La Déclaration n’est pas un texte du passé, mais doit rester une source d’inspiration dans l’action politique et sociale contemporaine pour promouvoir l’universalité des droits humains.
Prenons, l’article 4 de la Déclaration : « Nul ne sera tenu en esclavage ni en servitude ; l’esclavage et la traite des esclaves sont interdits sous toutes leurs formes ». La violation de celui-ci est considéré comme l’une des violations les plus graves des droits fondamentaux. L’interdépendance des droits humains conduit à ce que lorsqu’une personne est victime de traite, quasiment tous ses droits sont simultanément atteints : sa dignité, sa liberté d’aller et venir, son intégrité physique, le droit à des conditions de travail justes et favorables, le droit à un niveau de vie suffisant, le droit à la santé… Malgré cela, la traite des êtres humains persiste sur tous les continents.

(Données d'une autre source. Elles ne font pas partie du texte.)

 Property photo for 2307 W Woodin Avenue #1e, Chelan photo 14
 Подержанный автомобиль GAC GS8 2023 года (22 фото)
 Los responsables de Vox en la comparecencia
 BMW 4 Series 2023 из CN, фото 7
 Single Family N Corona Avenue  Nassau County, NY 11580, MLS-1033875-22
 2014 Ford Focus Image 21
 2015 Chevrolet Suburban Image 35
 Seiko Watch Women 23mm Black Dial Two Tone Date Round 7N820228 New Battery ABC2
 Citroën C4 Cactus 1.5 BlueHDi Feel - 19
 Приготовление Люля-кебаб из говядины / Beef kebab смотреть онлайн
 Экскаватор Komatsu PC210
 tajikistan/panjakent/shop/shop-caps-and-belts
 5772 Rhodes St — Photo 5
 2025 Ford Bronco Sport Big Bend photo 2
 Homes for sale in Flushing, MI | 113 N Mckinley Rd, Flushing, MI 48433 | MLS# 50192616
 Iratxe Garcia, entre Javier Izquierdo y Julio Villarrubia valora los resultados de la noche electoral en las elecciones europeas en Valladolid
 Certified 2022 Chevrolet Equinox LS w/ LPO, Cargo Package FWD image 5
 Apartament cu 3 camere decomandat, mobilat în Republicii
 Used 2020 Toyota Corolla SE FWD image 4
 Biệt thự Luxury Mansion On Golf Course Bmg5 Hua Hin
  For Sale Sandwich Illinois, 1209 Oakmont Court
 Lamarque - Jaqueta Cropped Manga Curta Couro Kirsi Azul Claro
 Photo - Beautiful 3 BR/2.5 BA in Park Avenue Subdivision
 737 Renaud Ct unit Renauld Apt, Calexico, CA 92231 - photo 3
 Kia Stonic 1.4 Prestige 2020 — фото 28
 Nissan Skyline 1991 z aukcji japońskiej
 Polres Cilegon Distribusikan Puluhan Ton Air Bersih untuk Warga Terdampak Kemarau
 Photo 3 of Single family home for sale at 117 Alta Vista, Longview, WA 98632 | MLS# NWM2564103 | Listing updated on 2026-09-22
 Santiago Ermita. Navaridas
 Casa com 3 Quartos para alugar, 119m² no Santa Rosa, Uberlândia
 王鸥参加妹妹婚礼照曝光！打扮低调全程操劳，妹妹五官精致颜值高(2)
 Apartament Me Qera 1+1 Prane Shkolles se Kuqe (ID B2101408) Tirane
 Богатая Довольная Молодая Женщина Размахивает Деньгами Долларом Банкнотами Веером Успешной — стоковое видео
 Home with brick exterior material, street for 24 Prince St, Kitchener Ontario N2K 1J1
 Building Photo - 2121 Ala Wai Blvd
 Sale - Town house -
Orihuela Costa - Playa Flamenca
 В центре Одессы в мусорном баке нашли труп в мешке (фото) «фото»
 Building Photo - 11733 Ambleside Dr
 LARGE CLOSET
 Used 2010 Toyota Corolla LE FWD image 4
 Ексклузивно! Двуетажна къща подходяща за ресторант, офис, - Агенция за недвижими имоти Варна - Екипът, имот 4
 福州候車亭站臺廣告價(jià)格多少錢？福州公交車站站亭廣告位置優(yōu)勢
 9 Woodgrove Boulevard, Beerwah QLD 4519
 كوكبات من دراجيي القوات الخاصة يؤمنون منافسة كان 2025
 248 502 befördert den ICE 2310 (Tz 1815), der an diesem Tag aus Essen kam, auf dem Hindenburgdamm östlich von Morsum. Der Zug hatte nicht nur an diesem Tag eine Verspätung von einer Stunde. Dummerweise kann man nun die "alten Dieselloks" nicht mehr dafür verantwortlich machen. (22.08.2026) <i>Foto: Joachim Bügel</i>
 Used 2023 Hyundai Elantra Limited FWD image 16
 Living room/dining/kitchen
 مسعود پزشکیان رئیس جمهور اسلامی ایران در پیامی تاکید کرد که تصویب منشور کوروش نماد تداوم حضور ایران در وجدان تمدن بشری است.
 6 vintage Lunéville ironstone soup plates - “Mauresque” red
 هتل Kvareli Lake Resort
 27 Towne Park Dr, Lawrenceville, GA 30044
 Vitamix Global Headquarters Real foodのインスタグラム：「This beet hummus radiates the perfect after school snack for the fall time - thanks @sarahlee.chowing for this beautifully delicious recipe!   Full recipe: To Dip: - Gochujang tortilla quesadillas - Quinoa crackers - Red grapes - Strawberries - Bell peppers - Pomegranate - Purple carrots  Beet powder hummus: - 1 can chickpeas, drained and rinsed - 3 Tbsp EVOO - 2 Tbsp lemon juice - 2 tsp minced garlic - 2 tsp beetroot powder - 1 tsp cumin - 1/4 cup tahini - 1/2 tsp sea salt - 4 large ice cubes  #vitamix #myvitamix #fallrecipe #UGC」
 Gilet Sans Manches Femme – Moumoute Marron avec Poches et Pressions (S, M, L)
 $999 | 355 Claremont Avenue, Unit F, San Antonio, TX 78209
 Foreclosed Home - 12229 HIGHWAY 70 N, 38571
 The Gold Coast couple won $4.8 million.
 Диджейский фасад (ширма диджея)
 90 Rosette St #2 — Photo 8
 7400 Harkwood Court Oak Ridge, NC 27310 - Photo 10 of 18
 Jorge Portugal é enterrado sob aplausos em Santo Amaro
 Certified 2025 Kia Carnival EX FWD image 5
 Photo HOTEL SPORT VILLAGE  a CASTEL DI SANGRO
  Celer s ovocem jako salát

Elaboration des programmes humanitaires
Lors d’une conférence organisée fin novembre dernier – qui fait partie d’une projet européen visant à renforcer la coopération multidisciplinaire pour garantir un mécanisme de référence effectif, une assistance et une protection des droits des victimes de traite des êtres humains – Caritas a invité différentes associations provenant de multiples pays. Cette rencontre a permis de souligner l’importance de mieux prendre en compte la question de la traite des êtres humains dans l’aide humanitaire : un champ à explorer d’urgence.
Pour Sébastien Dechamps, coordinateur des urgences chez Caritas International : « De nombreuses crises humanitaires créent des conditions propices au développement ou à l’apparition de réseaux de traite de personnes. C’est en particulier le cas des crises qui causent d’importants déplacements de population. C’est certainement le cas, par exemple, de la crise syrienne : des milliers de personnes, y compris des enfants, ont littéralement disparu lors de leur exode, et sont devenus victimes de réseaux de trafiquants. Cette question pourrait être davantage prise en compte dans l’élaboration de nos programmes humanitaires, en termes de prévention et de protection. »
Changement de paradigme dans la coopération au développement
Alors que nous fêtons le 70e anniversaire de la Déclaration Universelle des droits de l’Homme, et à la veille du 30e anniversaire de la Convention Internationale des droits de l’enfant qui sera célébré en 2019, nous devons utiliser une approche fondée sur les droits humains.
Cette approche constitue désormais un cadre majeur dans lequel s’inscrivent les activités des Nations Unies. Les Objectifs de développement durable (ODD 2015-2030) l’ont prolongé en donnant toute leur place aux droits humains dans le cadre conceptuel du développement. Les pouvoirs publics sont invités à en faire un usage général et systématique.
Cette approche s’est présentée à l’origine comme une réponse aux échecs du développement des années 1980, davantage axé sur la réduction technique de la pauvreté que sur l’amélioration des droits et libertés des populations marginalisées. Elle a conduit à un changement de paradigme dans la coopération au développement : l’approche du développement initialement fondée sur les besoins des populations des pays les moins avancés a cédé la place à une approche fondée sur les droits humains.
Restaurer le primat de la personne humaine
De ce point de vue, les personnes ne sont plus seulement l’objet d’une aide programmée en amont par des instances décisionnaires mais sont considérées comme des acteurs à part entière du développement. L’action publique n’est plus conçue en termes de compensations ou d’assistanat, mais au regard de la mise en œuvre des droits fondamentaux. La pleine effectivité de ceux-ci repose sur la disponibilité, l’acceptabilité, l’accessibilité et l’adaptabilité du droit considéré. L’approche basée sur les droits humains s’applique aussi depuis quelques années à des questions relatives à la gestion des flux migratoires, la sécurité ou les politiques pénales.
Il s’agit de restaurer le primat de la personne humaine et de réaffirmer la juste place des droits humains dans l’action publique : l’État doit non seulement respecter les droits humains consacrés dans les conventions internationales qu’il a ratifiées, mais il doit également rendre des comptes à l’égard de leur mise en œuvre[1]. Les droits humains ne sont plus situés en périphérie de l’action publique mais doivent être inscrits au cœur de cette dernière.